Am opening a bar

Yea, it’s about time.

After being pushed by various parties, am going into a venture with several partners n investors. It’s gonna be different. (But i bet that’s what they all say!)

Am handling concept, music and marketing.

Sumtin like dat...

Sumtin like dat…

Theme will be 2499, ie futuristic / galactic shit. The entrance will be like a silver flying saucer (arent they all silver? I think i’ll make it purple), and u walk up a small step ladder and end up inside this circular ‘UFO bar’. Of course the effects and blue lighting will add to the buzz.

Leave your light sabers by the door.

It will beĀ  tastefully done; with a loungy setting.

Yeaaa ok, only if they promise to behave

Yeaaa ok, only if they promise to behave

Some joints have what’s known as island bars, ie, a circular bar, with patrons sitting around it. This one will be the other way around fuckdat. The patrons are IN the large ‘island’, and the bartenders on the outside perimeter.

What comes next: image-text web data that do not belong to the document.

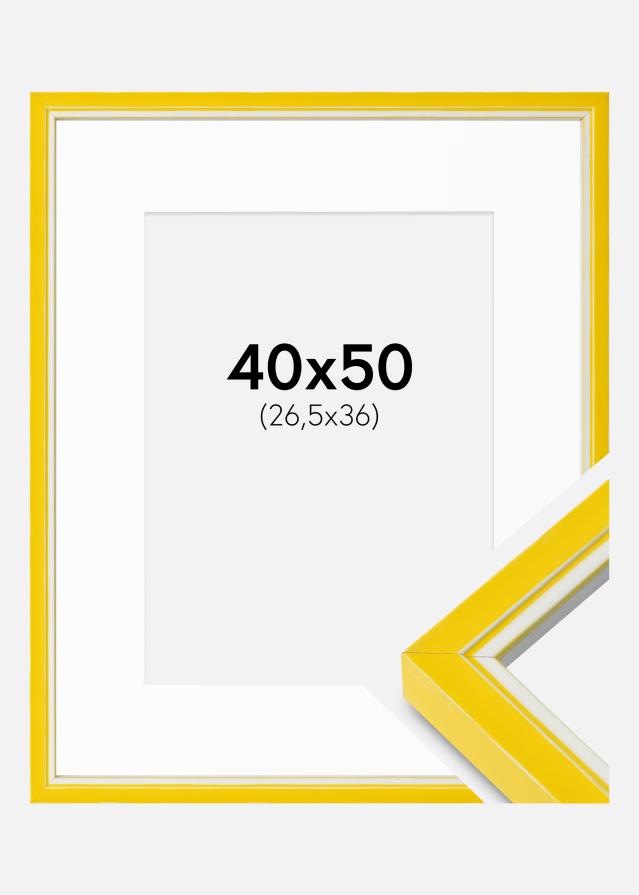 Cadre Diana Jaune 40x50 cm - Passe-partout Blanc 27,5x37 cm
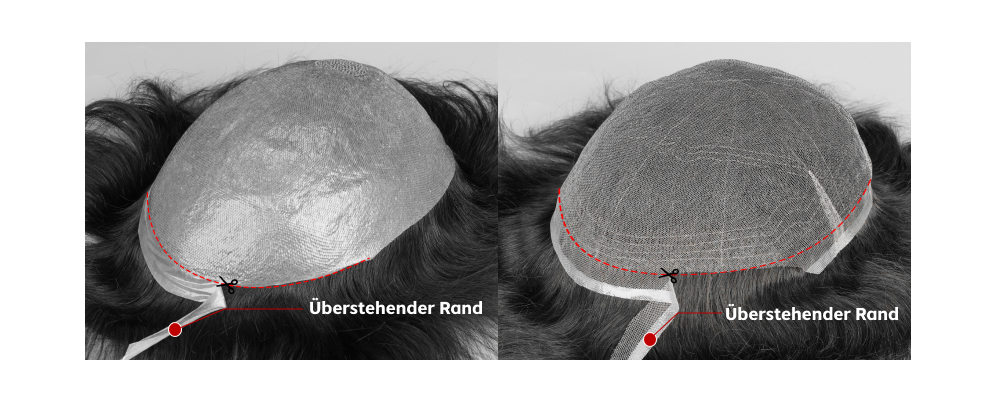 Überstehender Rand der Montur abschneiden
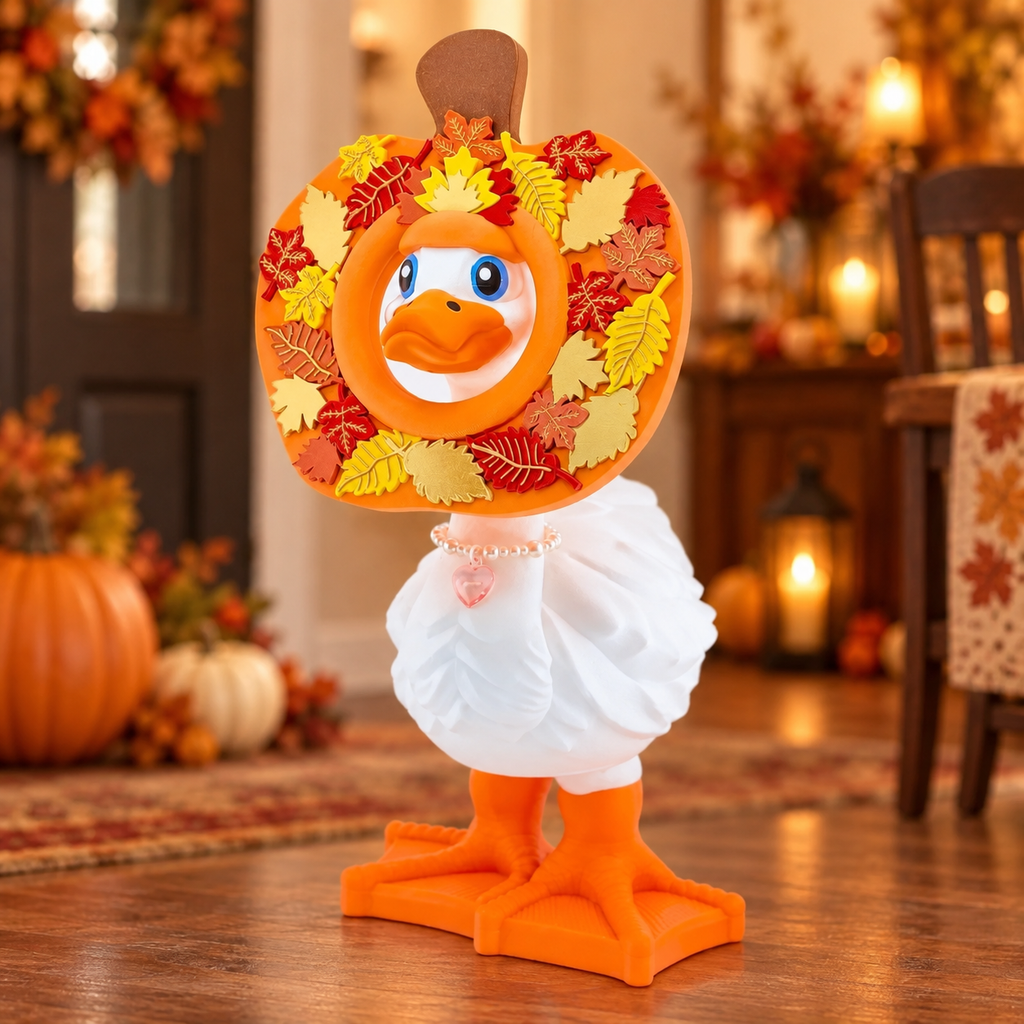 Autumn Pumpkin Goose Hat with layered leaf details, right view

Hovering around their victims..

For special drinks for special occasions, there’s a steel operating table in the centre, where aliens normally dissect abducted humans. But in this case, the ‘victim’ will get a tube down his throat, which will duly be filled with a green cocktail called Alien Urine Sample. By a Martian bartender.

For five bucks extra, we will also taze the mafucker for a minute. (An adult diaper will be provided.)

That’ll make sure he’s buzzed. Haha

Am gonna make staff dress up too; no fun otherwise. Will need a good crew.

Head bartender, Mart

Head Bartender, Mart. Multi-tasker

Cashier, Sal

Cashier, Sal, drug dealer

Floor Supervisor, Shade

Floor Supervisor, Shady. I wouldn’t fuck with him

Am also considering a small-dose cocktail (5ml) that’s real special and one-of-a-kind, coz it’s injected directly into your vein. By a qualified sexy alien nurse of course.

There’s a serious lack of sci-fi-themed bars. In fact, there’s probably none at all. Uncreative pricks.

Tunes will he jazz, swing and house. No 80’s shit for sure.

Halloween at this bar will be extreme fun.

Probably be sumtin like dis:

Chief of security, Al

Chief of Security, Al

Havent finalized the food menu yet. As for bar bites, I hear fried insects are catching on.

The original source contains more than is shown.